SUPPLIED DATA
——————
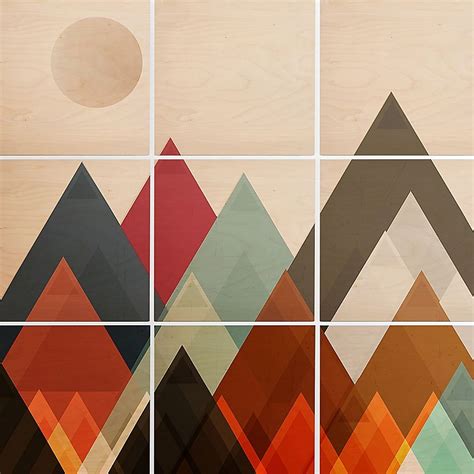 Deny Designs 9-Piece Pepper Moon Square Wall Art In Brown in 2021 | Square wall art, Geometric ...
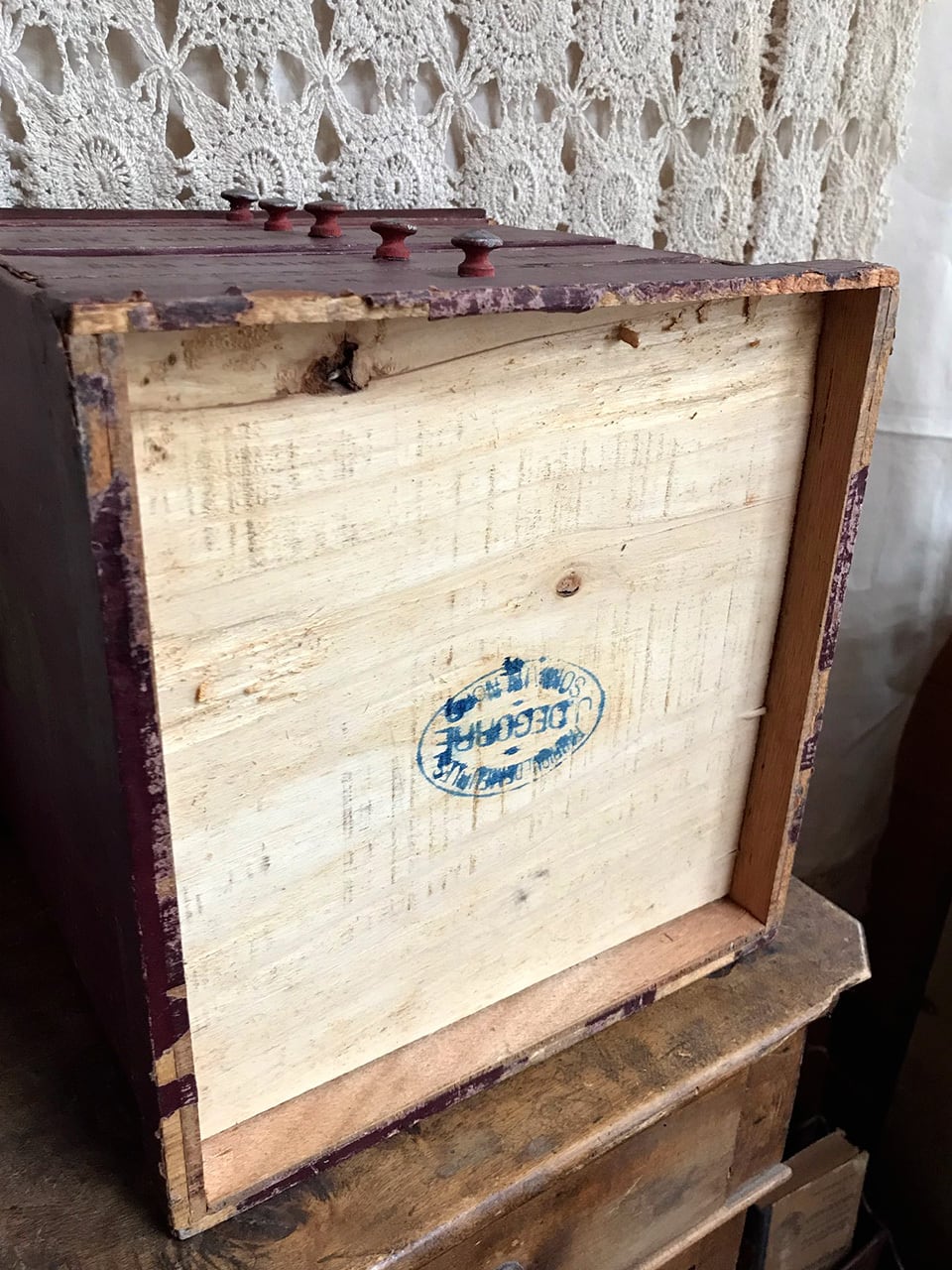 W.F. 5段スプールキャビネット 糸巻き入れ Wallaert Freres | Brocante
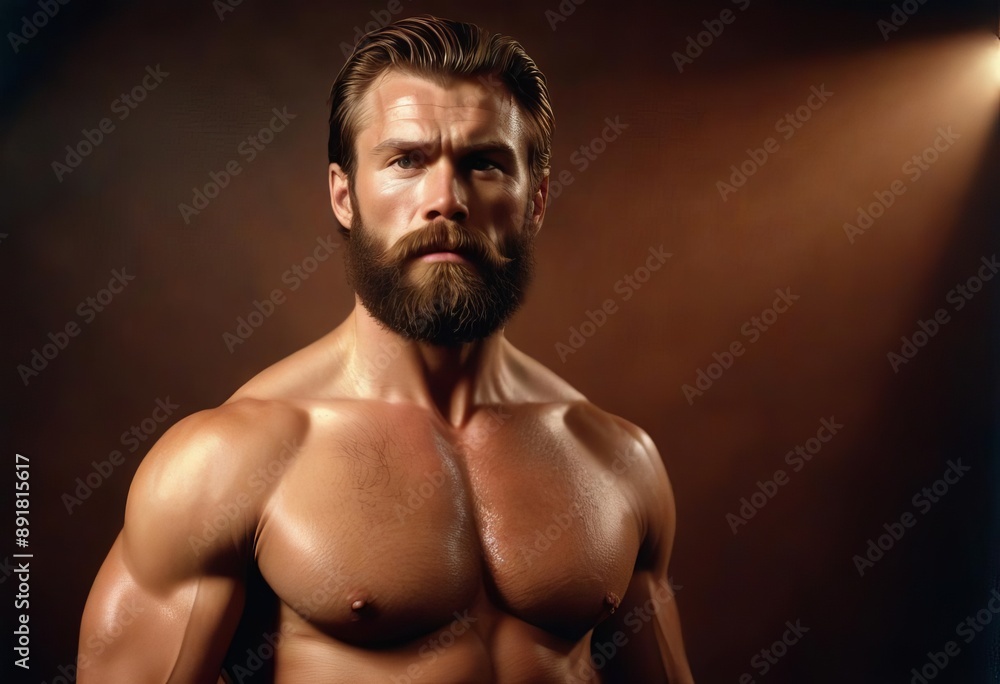 The Commanding Presence of the Bearded Warrior The Commanding Presence of the Bearded Warrior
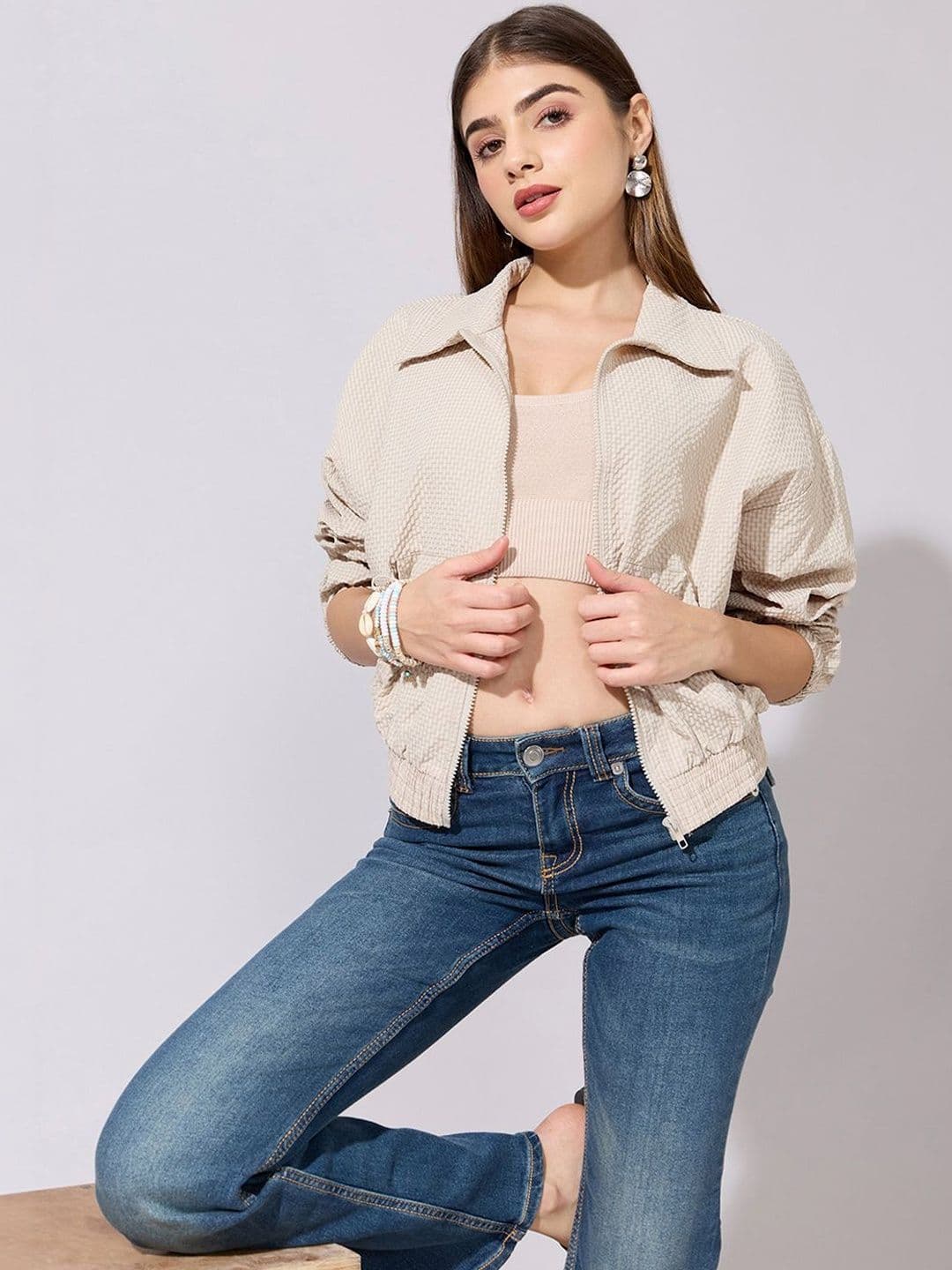 SHOWOFFFF Women Long Sleeves Bomber Jacket - view 1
——————
TASK DETAILS
Exactly as they stand, write the lines from the one holding "W.F. 5段スプールキャビネット 糸巻き入れ" to the end of the material, both ends included. Do not copy the pictures.

YOUR SOLUTION
 W.F. 5段スプールキャビネット 糸巻き入れ Wallaert Freres | Brocante
 The Commanding Presence of the Bearded Warrior The Commanding Presence of the Bearded Warrior
 SHOWOFFFF Women Long Sleeves Bomber Jacket - view 1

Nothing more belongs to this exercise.